It's a lonely life...that of the necromancer, er freelancer

A blog by a designer and illustrator, for designers and illustrators which may contain musings on art, movies and random weirdness.

Monday, January 6, 2014

Scott Frey Portrait

Early in December I was approached by Peter and Mary Frey, a young couple at my church, about painting a portrait of Scott Frey, Peter's father. Scott had died the year before, and they wanted to give a painted portrait of him to Peter's mother as a Christmas present. This presented some difficulties, as I had never met Scott, and could not have him sit for sketches, but i agreed to do the portrait. Peter and Mary gathered a series of photographs of his father in different poses and settings.  Peter wanted his father to appear healthy, relaxed, and in one of his favorite settings; on his boat in the Choptank River in Chesapeake Bay, Maryland, near where he lived. Several photos had interesting elements, but none was going to work as is. I was able to cobble together several sketches using elements from several photos combining the face and body from one, the hands from another, and the background  elements from two others. I selected the best pose, and sent the sketch off to the Freys.

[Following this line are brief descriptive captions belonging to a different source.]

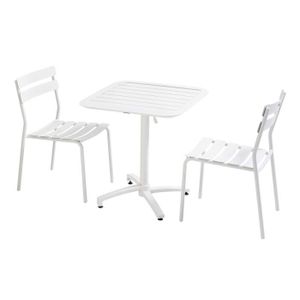 Ensemble table et chaise de jardin Ensemble table inclinable de terrasse 70 x 70 cm et 2 chaises blanc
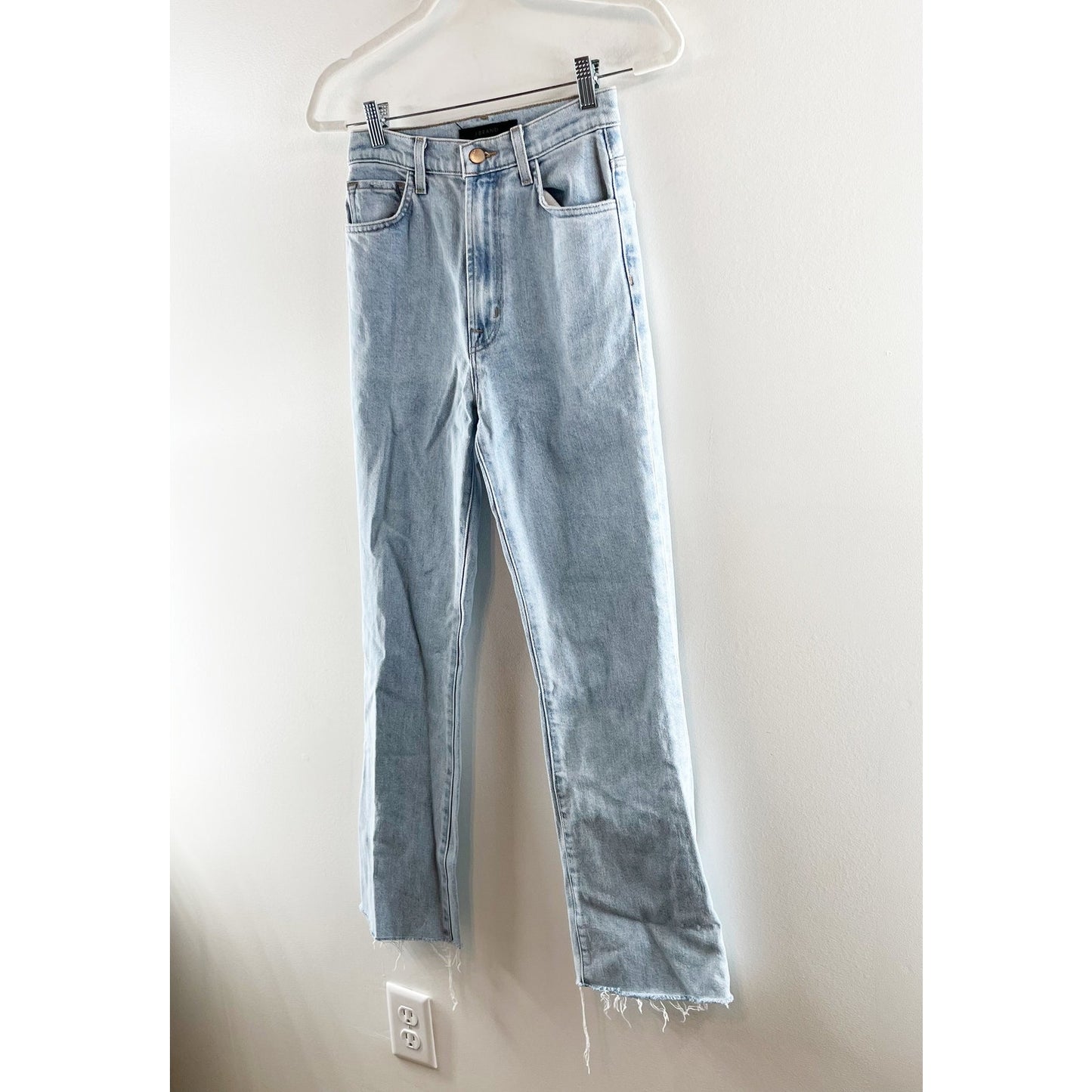 J. Crew High Rise Runway Bootcut Raw Hem Jeans in Gigi Raze Blue 25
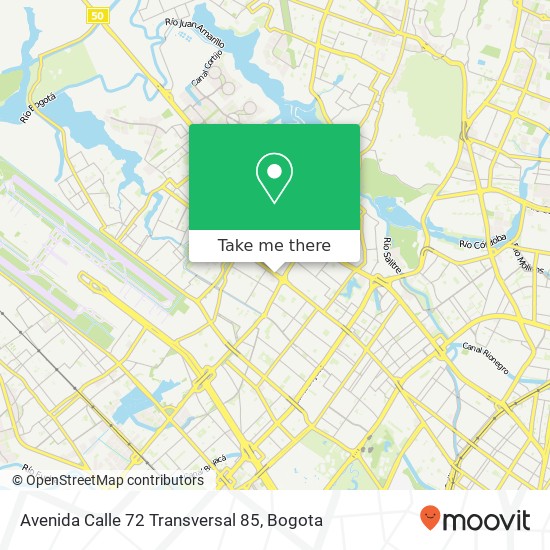 Avenida Calle 72 Transversal 85 map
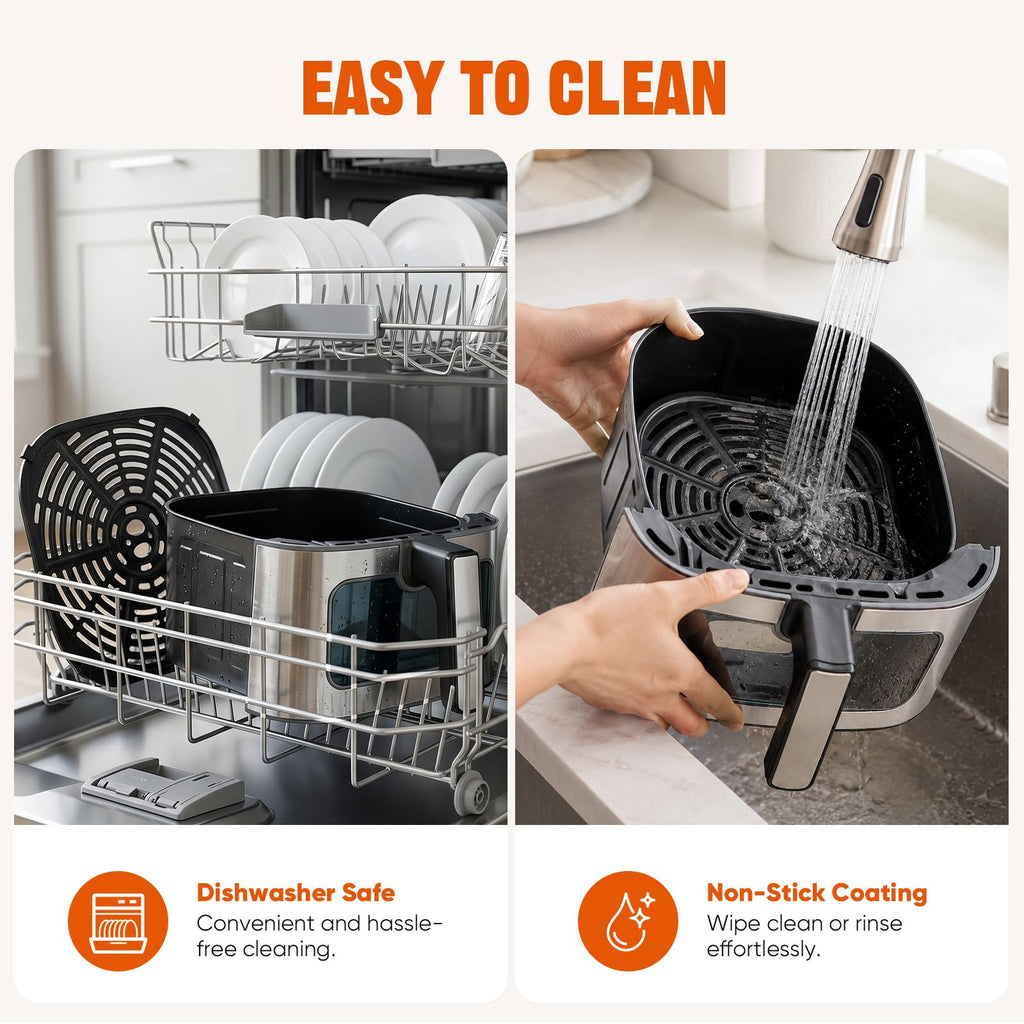 8-in-1 Air Fryer 6 Quarts with Presets and Window V4562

The sketch was about 1/4 actual size, and Peter had some concerns about the details of the face, but otherwise approved the sketch. I enlarged the sketch using my copier, and transferred it directly onto the 16" x 20" canvas by placing graphite paper under the enlarged sketch and tracing it onto the canvas surface. I started laying in the basic shapes using a burnt umber liquid acrylic, adding washes for tone.

I then started roughing in the areas of sky, river and blue jeans using a combination of bright and thalo blue, and the shirt, using parchment, gray and yellow ochre. I kept the highlights on the face, head and clouds, white.

Adding a mixture of blue and purple to shape the clouds.

Adding some warmth to the skin with thin washes of yellow and red tones.

Refining and adjusting the overall tonal values.

The painting took about two days total. I finished it just in time for the Freys to come pick it up on their way to Maryland. They were very pleased with the results.